Scam Proof will show you how to avoid internet scams so you can keep your money safe. Read more

Identity theft happens when scammers gain enough Personally Identifiable Information (PII) of someone’s identity (such as their name, date of birth, home addresses, social identification records, etc.) to commit fraud. Identity theft can take place whether the fraud victim is alive or deceased.

Scammers will then use the stolen identity without the owner’s knowledge and permission to apply for a loan without the intention of paying.

If you’re a victim of identity theft, it can lead to fraud that can have a direct impact on your personal finances and could also make it difficult for you to obtain loans, credit cards or a mortgage until the matter is resolved.

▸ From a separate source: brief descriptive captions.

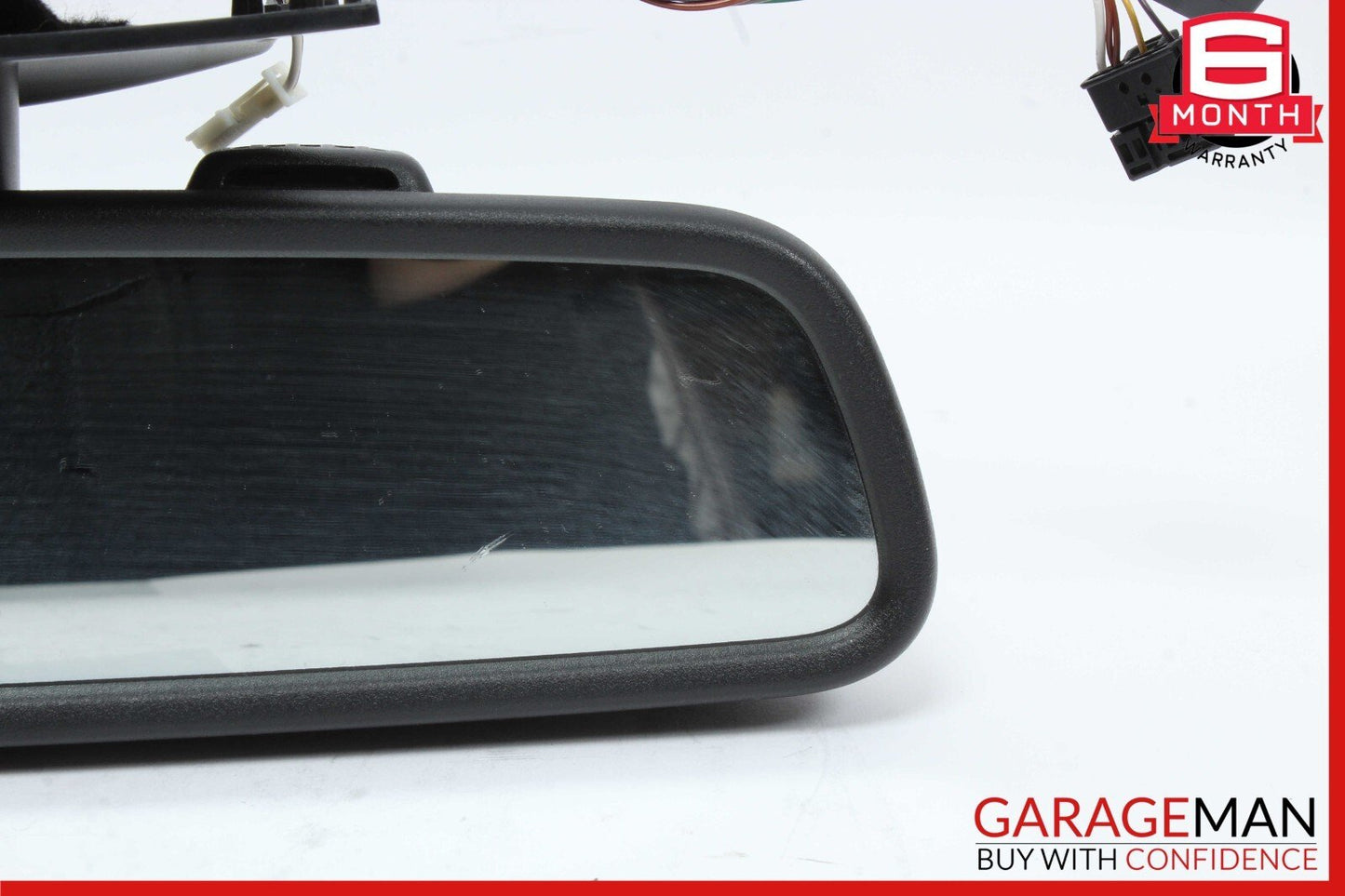 10-14 Mercedes W216 S65 AMG CL550 S550 S500 Front Interior Rear View Mirror OEM
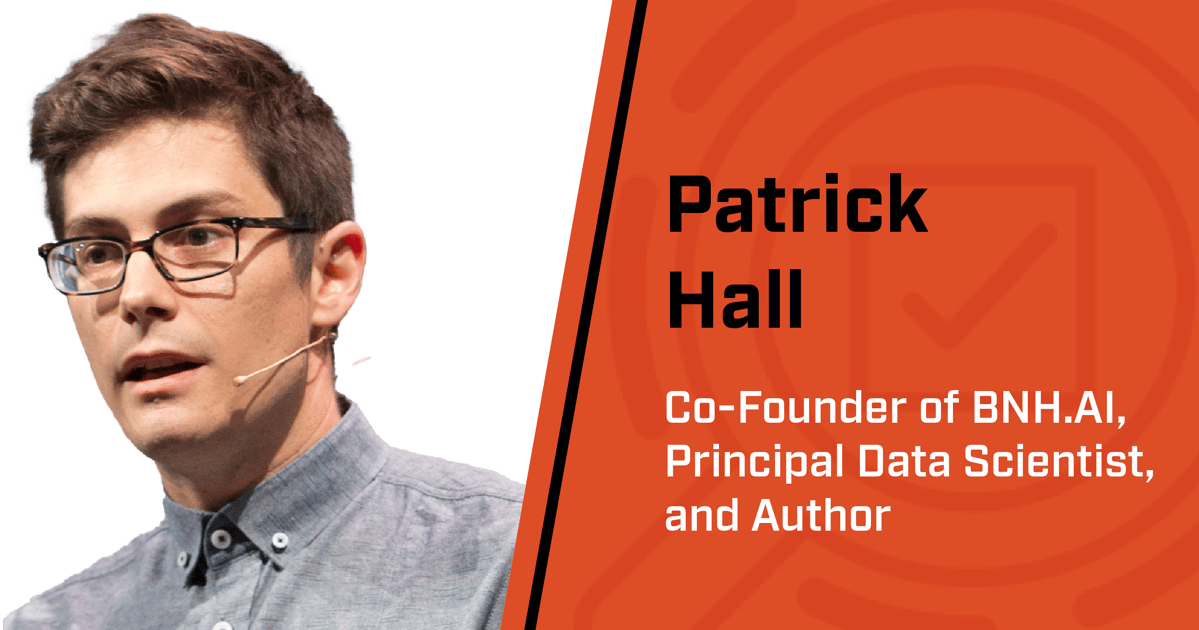 Patrick Hall discusses the importance of “responsible AI” implementation and risk management.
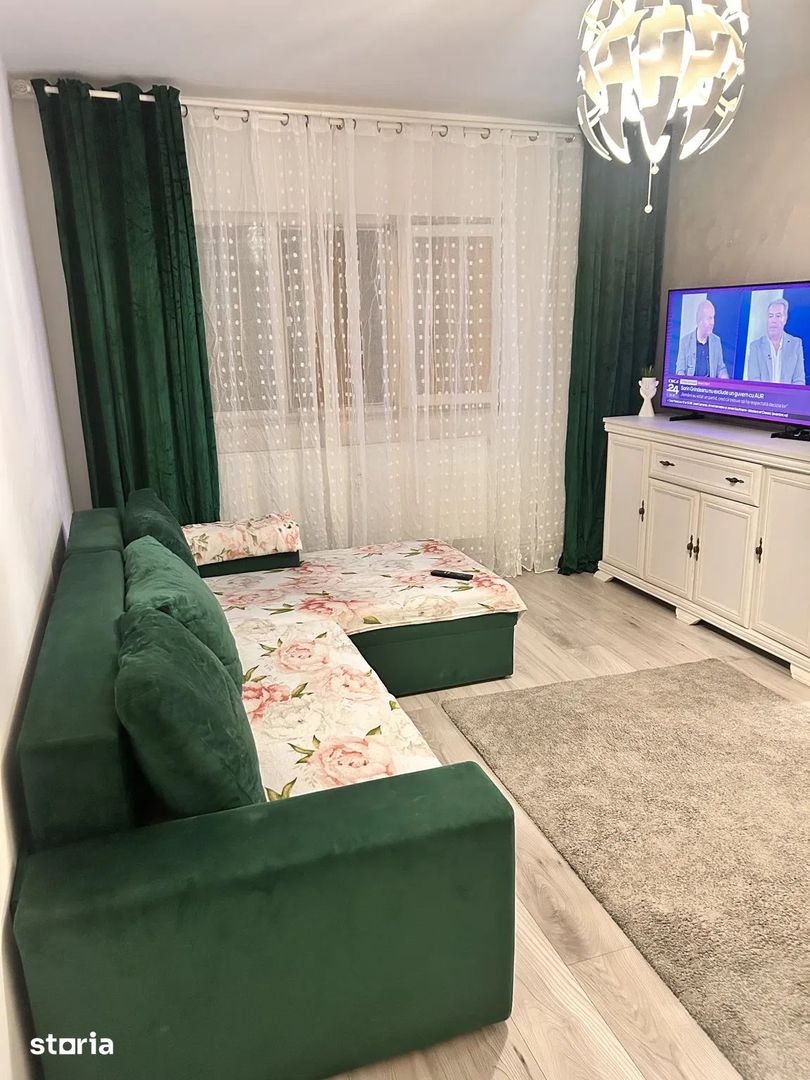 AP. 2 CAMERE- PANTELIMON, MOBLAT/UTILAT, BUCATARIE INCHISA, COMIS 0% - Poză 1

Don’t be an identity theft victim

Always safeguard your personal information, and if you are contacted by someone claiming to be a bank representative, always verify authenticity through one of the official channels and never share any information.


How this could happen





1: Contact

A scammer finds out enough information about you (often from things that you may have innocently shared online) to be able to convincingly pretend to be you.


2: Belief

Because you have no idea that this is happening, you believe that nothing is wrong.


3: Reality

The scammer has enough information to pretend to be you.


4: Result

The scammer uses your identity details to get a loan without the intention of paying. If the loan is approved, you may be liable for the entire amount.